What is being asked: Could you print, exactly and without pictures, only the lines from the one with "Used 2018 Tata" through the end of the records below?

******

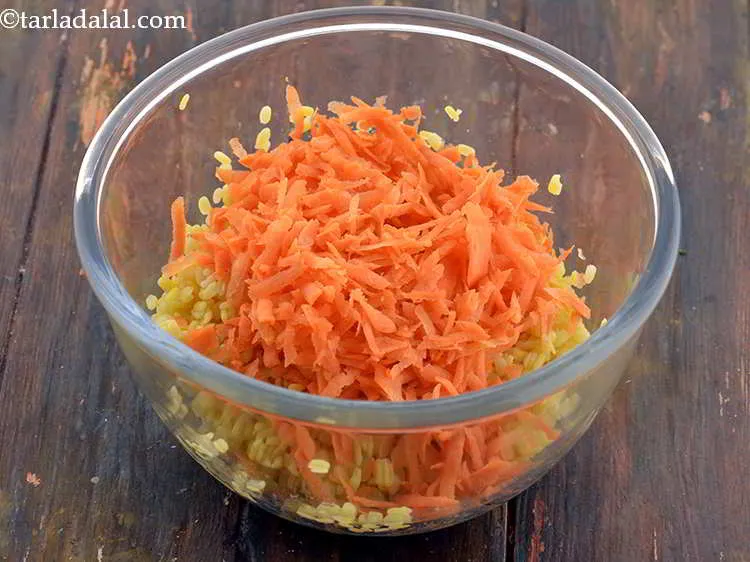 स्टेप 9 – कसा हुआ गाजर डालें। यह मूंग दाल की चाट को …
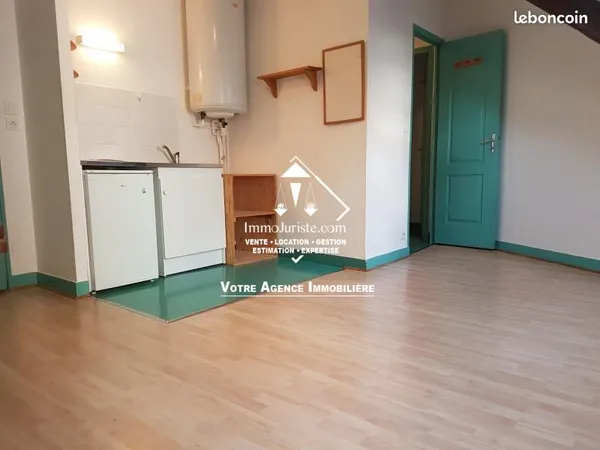 Studio 1 pièce 17 m² 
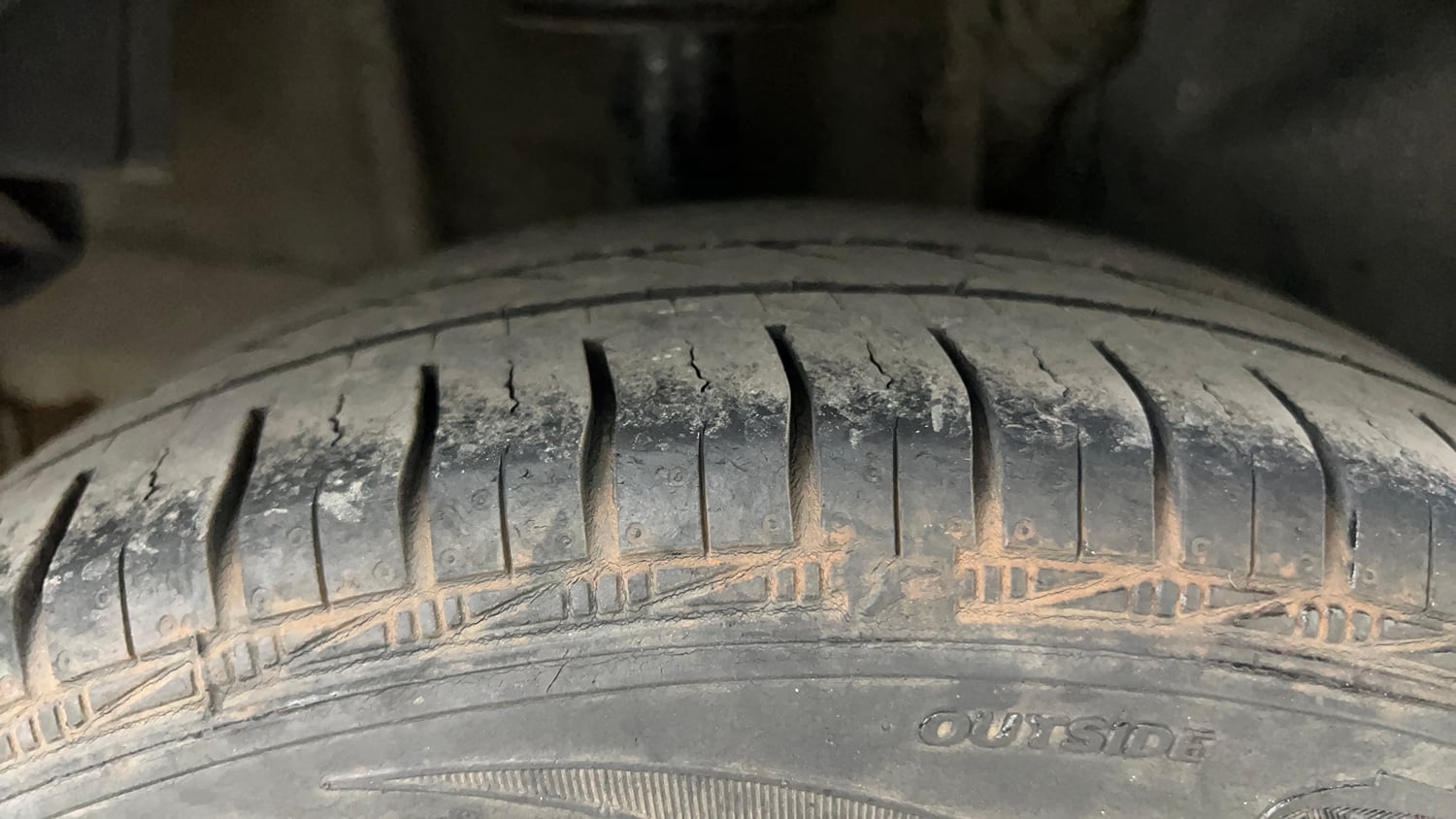Used 2018 Tata Tiago Revotron XZ Petrol Manual tyres RIGHT REAR TYRE TREAD VIEW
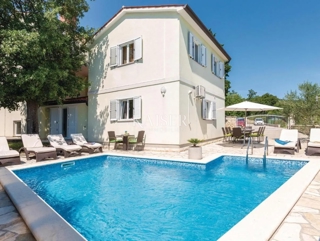 Istra, Rabac - hiša z dvema apartmajema in pogledom na morje, 199 m2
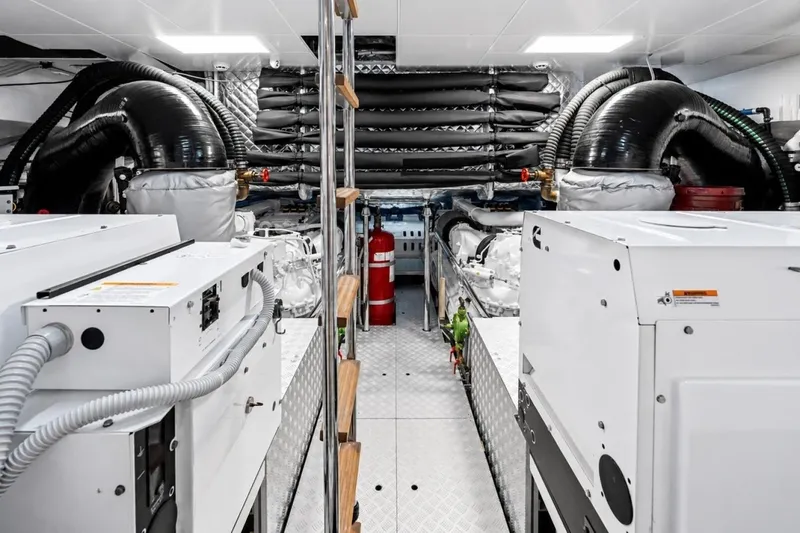 Slide: The Image of Riva Folgore 2022 - 6473412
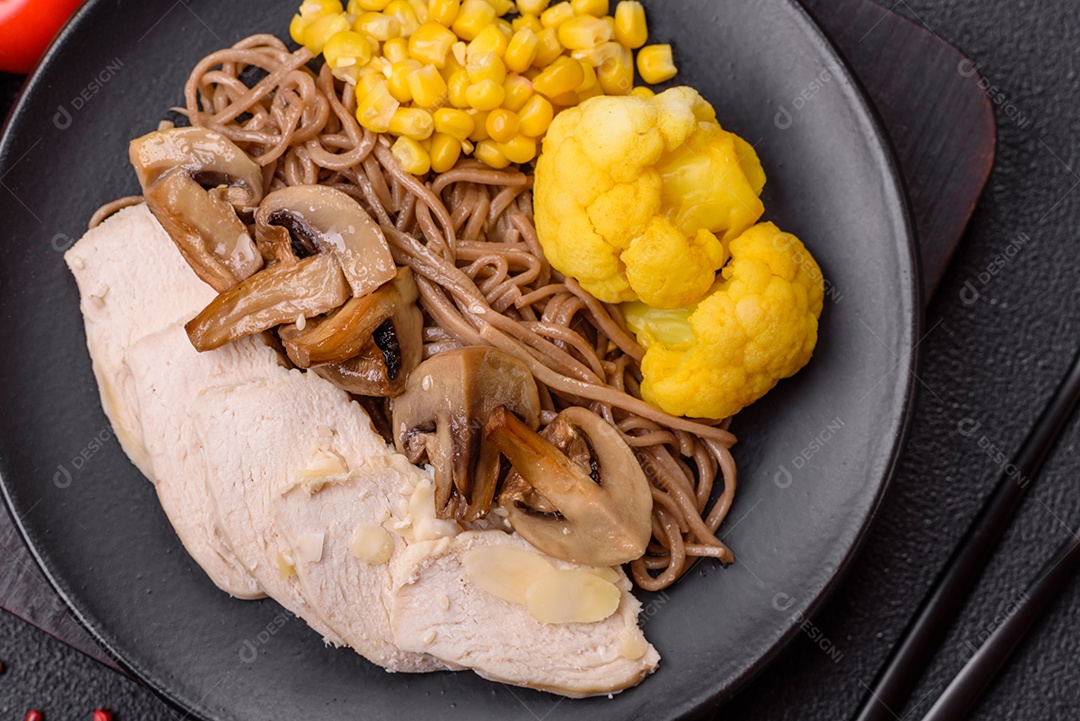 Filete de frango cru cortado em tiras com especiarias e ervas aromáticas. Filete de frango cru cortado em tiras com especiarias e ervas num quadro de corte de madeira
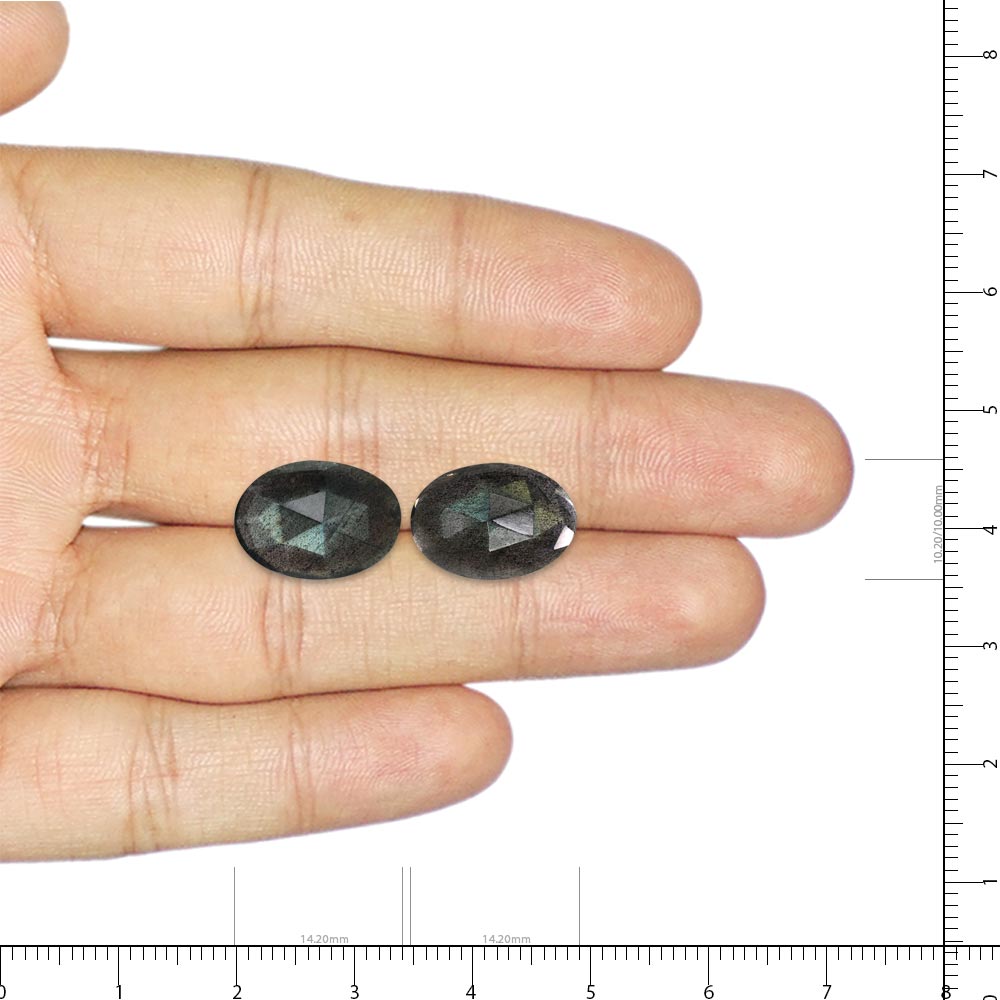 Labradorite - 11.35 Carat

******

Result for this exercise:
Used 2018 Tata Tiago Revotron XZ Petrol Manual tyres RIGHT REAR TYRE TREAD VIEW
 Istra, Rabac - hiša z dvema apartmajema in pogledom na morje, 199 m2
 Slide: The Image of Riva Folgore 2022 - 6473412
 Filete de frango cru cortado em tiras com especiarias e ervas aromáticas. Filete de frango cru cortado em tiras com especiarias e ervas num quadro de corte de madeira
 Labradorite - 11.35 Carat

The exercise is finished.